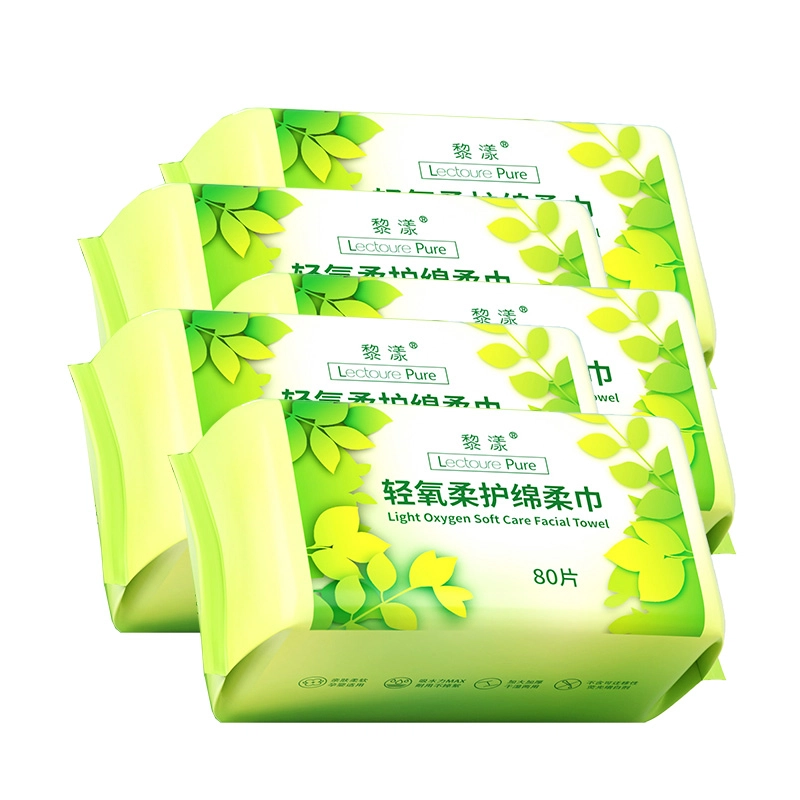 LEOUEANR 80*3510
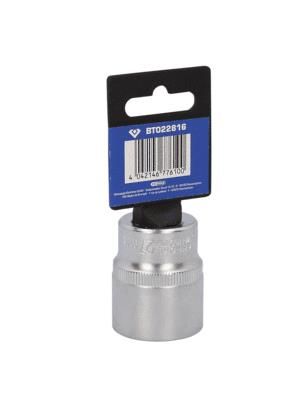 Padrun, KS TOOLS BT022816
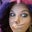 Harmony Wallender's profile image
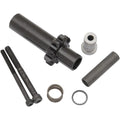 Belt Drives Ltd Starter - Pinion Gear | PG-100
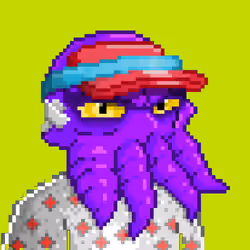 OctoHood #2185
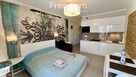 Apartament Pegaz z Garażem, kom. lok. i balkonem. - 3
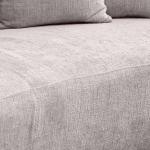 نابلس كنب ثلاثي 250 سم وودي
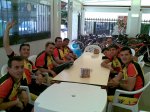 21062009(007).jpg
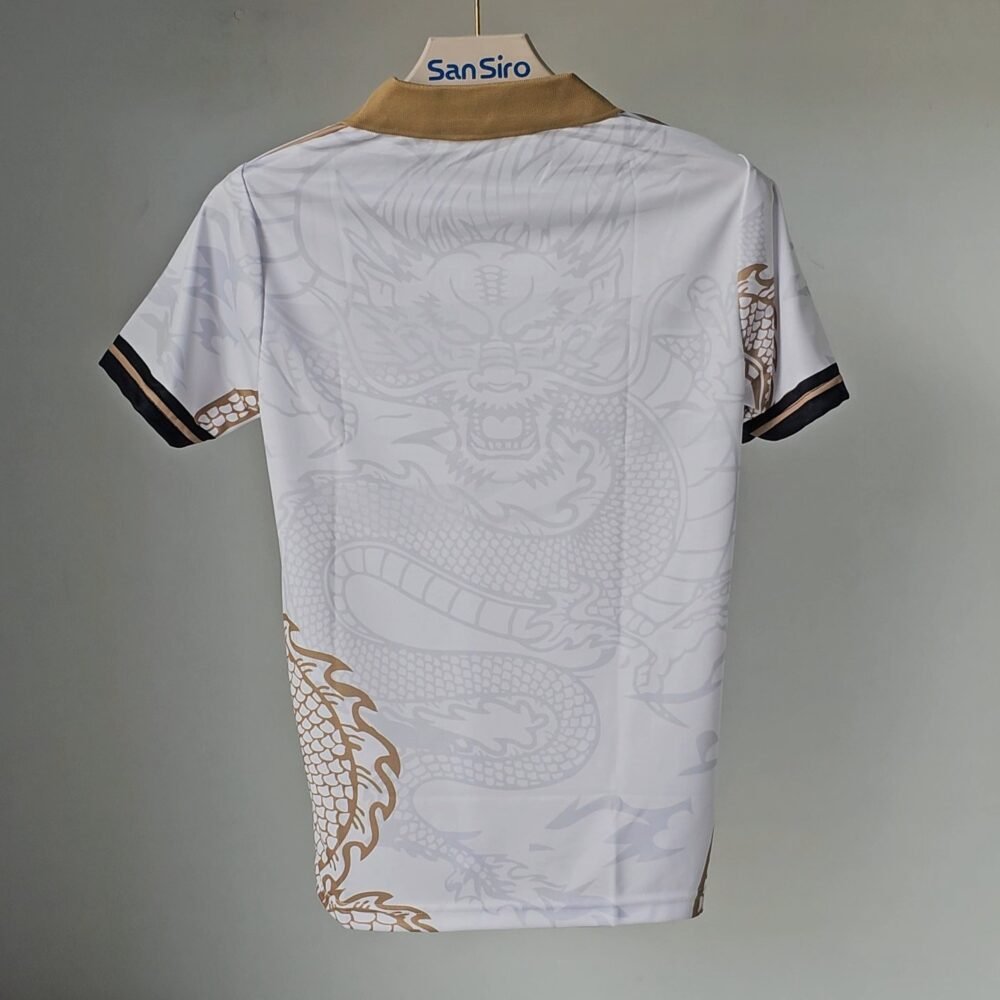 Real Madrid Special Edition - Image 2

---

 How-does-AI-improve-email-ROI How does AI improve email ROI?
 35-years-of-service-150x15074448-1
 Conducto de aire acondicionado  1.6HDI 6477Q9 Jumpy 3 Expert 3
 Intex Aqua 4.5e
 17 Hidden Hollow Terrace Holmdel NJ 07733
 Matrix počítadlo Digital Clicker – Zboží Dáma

* Exercise goal:
Can you repeat, word for word, every line above from the one containing "17 Hidden Hollow Terrace Holmdel NJ 07733" down to the one containing "Matrix počítadlo Digital", including both?

* Written solution:
 17 Hidden Hollow Terrace Holmdel NJ 07733
 Matrix počítadlo Digital Clicker – Zboží Dáma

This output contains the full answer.